A new book about the UK’s data breach by former data security expert Nick Denton says the Government’s own information is wrong.
Denton’s book The Government Data Breach: What the data says and how it is being used by the government was published in the UK last week and has since been widely discussed.
The author says he is speaking out to tell the Government to change its approach to the data it collects.
Denton, a former chief technology officer at the Department for Business, Innovation and Skills, wrote the book with his friend, security researcher and journalist James Cook, who is also the author of a blog post about data breaches on Friday.
Cook and Denton have also been criticised for publishing their work without their consent.
They said in their blog post that their book was about transparency and a free and open society.
“The Government’s data breaches are a wake up call that the Government is failing to live up to its own stated aims,” they wrote.

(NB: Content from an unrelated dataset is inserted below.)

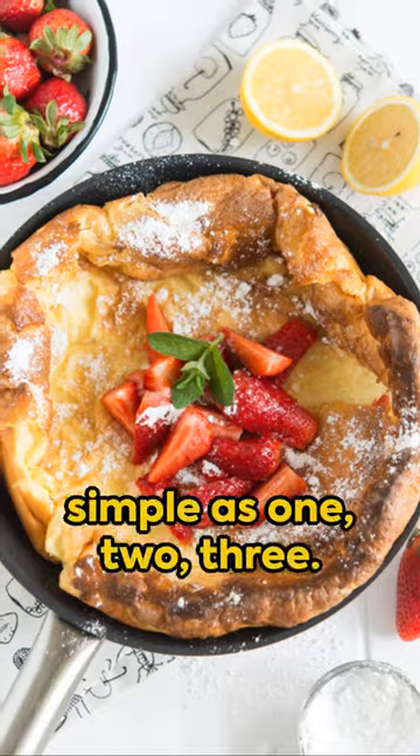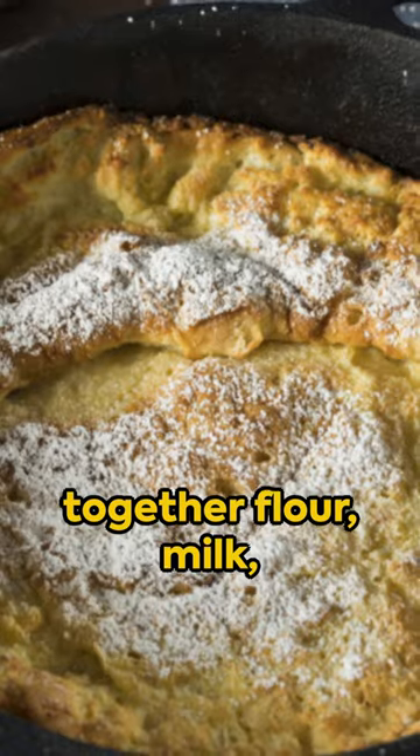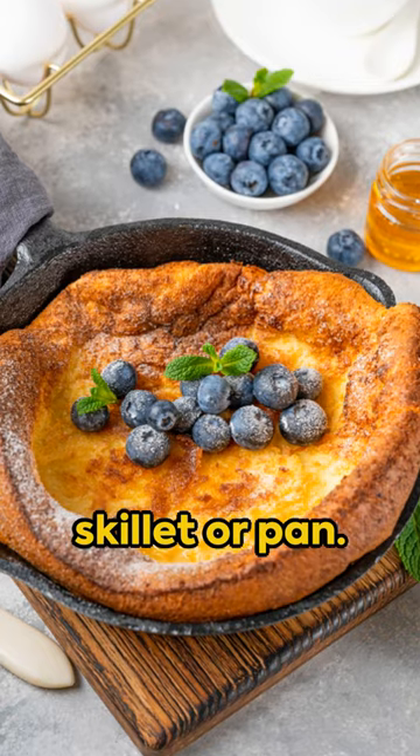Cooking a Dutch baby pancake is as simple as one, two, three. Start by whisking together flour, milk, eggs, and a dash of salt to form a thin batter. Next, pour it into a preheated buttered skillet or pan and bake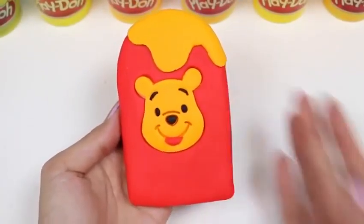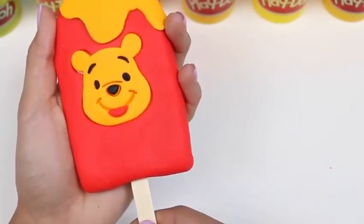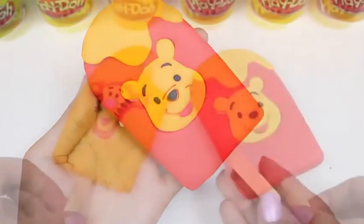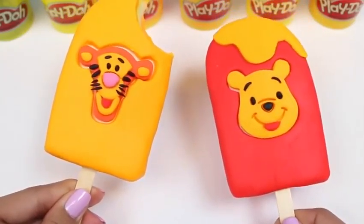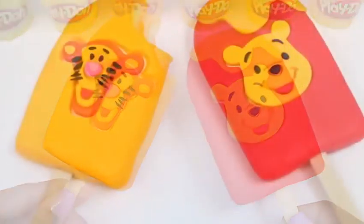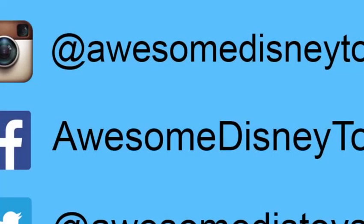And here's our Winnie the Pooh popsicle. All it's missing is the popsicle stick. And here's the two popsicles we made today. Don't they look delicious? This was so easy and a lot of fun to make. If you guys enjoyed this tutorial, please give this video a thumbs up. Also, if you haven't done so already, be sure to follow me on Instagram, Facebook, and Twitter. The links are in the description box below.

“This includes the fact that we have been unable to provide data on the number of cyber threats that have been identified in the past year, as well as the number and nature of breaches that have taken place, the number that have resulted in money being lost, and the number in which the government has paid out in compensation.”‘
Data is our enemy’The Government has come under fire in recent months for its failure to explain how many of its data breaches have been connected to terrorism.
The Government had previously said the number was between 20,000 and 30,000.

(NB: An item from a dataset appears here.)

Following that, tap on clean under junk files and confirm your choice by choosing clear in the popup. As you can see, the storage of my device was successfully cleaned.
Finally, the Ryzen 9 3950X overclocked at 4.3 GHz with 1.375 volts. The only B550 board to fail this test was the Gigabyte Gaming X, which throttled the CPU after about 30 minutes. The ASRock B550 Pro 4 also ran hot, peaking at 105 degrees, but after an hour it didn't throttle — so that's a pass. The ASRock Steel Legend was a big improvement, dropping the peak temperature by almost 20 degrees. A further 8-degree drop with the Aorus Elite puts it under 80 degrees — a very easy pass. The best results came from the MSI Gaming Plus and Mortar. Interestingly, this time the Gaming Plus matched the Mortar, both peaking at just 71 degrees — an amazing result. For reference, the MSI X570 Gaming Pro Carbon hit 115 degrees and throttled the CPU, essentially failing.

In a statement to the Guardian, it said: “Data breaches are the result of an imperfect and often contradictory approach to data protection and it is our belief that there is little or no difference between the two.”
We recognise that some data breaches and data protection breaches are related, and we have put in place processes to identify and mitigate those cases.
“The Government says that it does not have data on every single breach.
The Prime Minister has previously been criticised by critics for his lack of transparency about the scale of the Government data breaches.